By 2020, Ivory Coast aims to process at least half of its raw cocoa locally—up from a third currently. With newly introduced tax breaks for cocoa grinders and chocolate producers, the country may soon reach its goals. Increased local processing will meet the growing demand for the West African market. In 2015, Olam International, the world’s third largest grinder, opened a $75 million factory in San Pedro, the nation’s second largest port.
With a production capacity of 75,000 tons, the factory has helped catapult Ivory Coast to the top as the world’s leading processor. During the same year, French chocolatier Cemoi opened Ivory Coast’s first major chocolate factory in 2015 in a bid to supply the region with the capacity to produce over 10,000 tons of chocolate per year. With improvements in production capacity, the government is determined to ensure that Ivory Coast is as well known for its chocolate, as it is for its cocoa.
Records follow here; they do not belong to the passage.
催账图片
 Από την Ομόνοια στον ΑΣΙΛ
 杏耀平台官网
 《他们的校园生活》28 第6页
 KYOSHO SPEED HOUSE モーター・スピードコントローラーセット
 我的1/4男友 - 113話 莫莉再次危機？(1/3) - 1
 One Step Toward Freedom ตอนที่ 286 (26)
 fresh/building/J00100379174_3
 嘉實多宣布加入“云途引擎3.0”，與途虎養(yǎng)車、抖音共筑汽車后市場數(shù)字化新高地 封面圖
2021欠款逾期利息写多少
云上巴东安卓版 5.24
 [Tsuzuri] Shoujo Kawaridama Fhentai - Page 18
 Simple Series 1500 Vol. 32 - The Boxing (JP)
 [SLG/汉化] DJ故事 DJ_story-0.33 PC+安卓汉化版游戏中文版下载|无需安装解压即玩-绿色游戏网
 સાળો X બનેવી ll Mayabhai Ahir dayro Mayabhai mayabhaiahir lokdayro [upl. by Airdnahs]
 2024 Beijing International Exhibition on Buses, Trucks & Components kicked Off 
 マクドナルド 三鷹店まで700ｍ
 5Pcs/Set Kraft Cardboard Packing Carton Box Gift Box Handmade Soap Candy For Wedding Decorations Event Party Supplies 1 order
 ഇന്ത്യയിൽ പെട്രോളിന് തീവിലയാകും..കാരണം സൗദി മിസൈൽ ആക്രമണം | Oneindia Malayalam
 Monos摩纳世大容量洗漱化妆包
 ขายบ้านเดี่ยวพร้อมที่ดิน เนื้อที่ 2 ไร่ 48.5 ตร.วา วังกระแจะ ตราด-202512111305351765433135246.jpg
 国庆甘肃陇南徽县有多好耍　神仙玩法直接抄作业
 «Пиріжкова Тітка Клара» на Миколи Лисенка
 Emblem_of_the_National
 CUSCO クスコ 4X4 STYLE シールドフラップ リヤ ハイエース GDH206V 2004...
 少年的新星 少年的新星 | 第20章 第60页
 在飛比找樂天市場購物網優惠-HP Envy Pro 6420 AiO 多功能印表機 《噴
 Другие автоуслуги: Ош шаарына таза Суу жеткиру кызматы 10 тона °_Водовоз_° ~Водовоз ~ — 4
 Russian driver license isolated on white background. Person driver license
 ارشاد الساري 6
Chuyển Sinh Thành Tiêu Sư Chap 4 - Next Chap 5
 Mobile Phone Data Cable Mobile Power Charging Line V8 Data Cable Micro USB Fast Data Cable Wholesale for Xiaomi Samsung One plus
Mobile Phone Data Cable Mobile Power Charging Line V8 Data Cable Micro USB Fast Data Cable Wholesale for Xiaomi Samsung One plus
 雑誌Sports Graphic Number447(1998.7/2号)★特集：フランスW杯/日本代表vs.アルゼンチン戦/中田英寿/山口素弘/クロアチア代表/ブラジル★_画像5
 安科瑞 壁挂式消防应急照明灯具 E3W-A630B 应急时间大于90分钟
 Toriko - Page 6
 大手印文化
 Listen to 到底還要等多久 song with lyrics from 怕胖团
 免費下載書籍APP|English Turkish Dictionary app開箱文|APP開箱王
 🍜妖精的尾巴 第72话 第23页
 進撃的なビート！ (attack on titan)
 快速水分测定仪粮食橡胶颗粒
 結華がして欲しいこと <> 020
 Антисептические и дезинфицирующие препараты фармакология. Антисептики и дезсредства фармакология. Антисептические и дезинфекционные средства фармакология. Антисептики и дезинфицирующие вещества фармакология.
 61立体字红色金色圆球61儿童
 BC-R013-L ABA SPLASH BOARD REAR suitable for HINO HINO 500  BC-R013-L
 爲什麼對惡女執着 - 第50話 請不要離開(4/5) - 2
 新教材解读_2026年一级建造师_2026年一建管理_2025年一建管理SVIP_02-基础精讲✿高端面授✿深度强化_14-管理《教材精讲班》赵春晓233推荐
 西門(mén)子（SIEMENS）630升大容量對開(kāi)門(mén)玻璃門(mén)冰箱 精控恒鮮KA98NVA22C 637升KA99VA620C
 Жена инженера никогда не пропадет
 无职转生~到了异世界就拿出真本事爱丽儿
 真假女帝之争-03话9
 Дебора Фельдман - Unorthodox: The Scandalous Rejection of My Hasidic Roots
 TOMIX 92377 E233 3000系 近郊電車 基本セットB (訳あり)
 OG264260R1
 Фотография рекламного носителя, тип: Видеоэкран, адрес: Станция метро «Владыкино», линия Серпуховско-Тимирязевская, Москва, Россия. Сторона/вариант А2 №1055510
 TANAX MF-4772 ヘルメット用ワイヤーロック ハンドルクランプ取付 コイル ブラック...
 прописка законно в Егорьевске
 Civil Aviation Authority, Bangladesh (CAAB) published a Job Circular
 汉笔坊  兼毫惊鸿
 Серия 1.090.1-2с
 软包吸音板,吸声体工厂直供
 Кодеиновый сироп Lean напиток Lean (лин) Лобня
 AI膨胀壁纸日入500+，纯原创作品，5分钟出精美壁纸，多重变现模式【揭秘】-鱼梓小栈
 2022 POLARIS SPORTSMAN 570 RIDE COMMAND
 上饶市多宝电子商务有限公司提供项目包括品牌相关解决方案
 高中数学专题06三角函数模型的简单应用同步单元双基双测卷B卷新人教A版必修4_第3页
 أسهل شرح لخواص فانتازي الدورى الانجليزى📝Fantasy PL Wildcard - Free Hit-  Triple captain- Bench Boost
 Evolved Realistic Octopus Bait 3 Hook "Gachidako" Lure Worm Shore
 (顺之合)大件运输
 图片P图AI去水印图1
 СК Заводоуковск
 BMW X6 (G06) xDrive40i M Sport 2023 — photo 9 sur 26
Across the border, Ghana has taken measures to liberalize the purchase of cocoa beans. Although the sector was partially liberalized in 2003 to improve prices for farmers and boost productivity, the Ghana Cocoa Board (COCOBOD) still enjoys export monopoly power. Because of COCOBOD’s dominance, the state-owned Cocoa Processing Company has historically been the primary producer of local chocolate.
But that may be changing as the Ghanaian government shifts its approach to finished products and highlighting cocoa-based products as a national product with economic and health benefits. Moreover, with the election of Nana Akufo-Addo, Ghana is now considering the full liberalization of the cocoa sector, which may further boost production and diversification of cocoa exporters as well as the local chocolate industry.
Local chocolatiers like Midunu Chocolates, the brainchild of Ghanaian chef Selassie Atadika, are hoping to inspire what she calls a “delicate” way of looking at chocolate. With a box of truffles retailing for 40 cedis (about $9), Midunu caters largely to the native-born and “returnee” Ghanaian middle class as well as expatriates and tourists.
Atadika is keen on using chocolate as a means to highlight Africa’s different flavor profiles by incorporating Ethiopia’s berbere spice or South African rooibois tea. “I think we owe our country a chance to develop and be self-sufficient. I think by supporting things that are locally grown, we support the country and those around us.”